Failures in the network may prevent the datastream from reaching the receivers of the multicast group. For example, if the source is the only provider of the datastream, failure of the source will result in failure of the datastream reaching the receivers. Source failure can be detected through the use of messages, such as source alive or keep alive messages, transmitted from a source. A source of a datastream can be configured to periodically transmit a keep alive message to a connected device (e.g., a router) in the network to indicate the source's “aliveness.” The connected device may determine whether the source has failed, based on the transmission of the keep alive messages to the connected device. A source that successfully transmits the message periodically to the connected device is alive (i.e., the source has not failed). A source that does not successfully transmit the message periodically to the connected device is not alive (i.e., the source has failed). Determining source aliveness from such keep alive messages requires that both the source and the connected device are configured with a protocol that provides for transmission of the keep alive messages between the source and connected device.

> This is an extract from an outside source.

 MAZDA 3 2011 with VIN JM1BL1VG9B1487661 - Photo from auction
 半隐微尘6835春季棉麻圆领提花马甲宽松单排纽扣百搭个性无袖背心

If the source is not configured to support this explicit messaging scheme, then the connected device cannot detect source failure through such keep alive messages.
Failures in the network may also be addressed using flow-based multicast-only fast re-route (MoFRR). Upon receiving a request from a receiver to join a multicast group, a network implementing MoFRR establishes disjoint primary and secondary paths (e.g., a primary multicast tree and a secondary multicast tree, or branches thereof) from the receiver toward the source, rather than a single path (e.g., a single multicast tree or branch thereof) as established in a non-MoFRR network. Once the disjoint paths are established, packets of the datastream are sent across both disjoint primary and secondary paths toward the receiver. A MoFRR-capable edge router on the receiver edge receives packets from both disjoint paths. The MoFRR-capable edge router forwards the packets received on the primary path to the receiver, while discarding packets of the secondary path. In the event of link failure in the primary path, the MoFRR-capable edge router will switch over to the secondary path, and forward packets from the secondary path to the receiver.
However, MoFRR cannot be used to address source failures in the network, since the two disjoint paths lead back to a single source. If the source itself fails, packets of the datastream cannot be sent across the disjoint paths, and the datastream will fail to reach the receivers. Further, implementing MoFRR is resource expensive, since MoFRR costs double bandwidth in the network in order to duplicate datastream packets that are sent across both disjoint paths through the network.
While the present disclosure is susceptible to various modifications and alternative forms, specific embodiments of the present disclosure are provided as examples in the drawings and detailed description. It should be understood that the drawings and detailed description are not intended to limit the present disclosure to the particular form disclosed. Instead, the intention is to cover all modifications, equivalents and alternatives falling within the spirit and scope of the present disclosure as defined by the appended claims.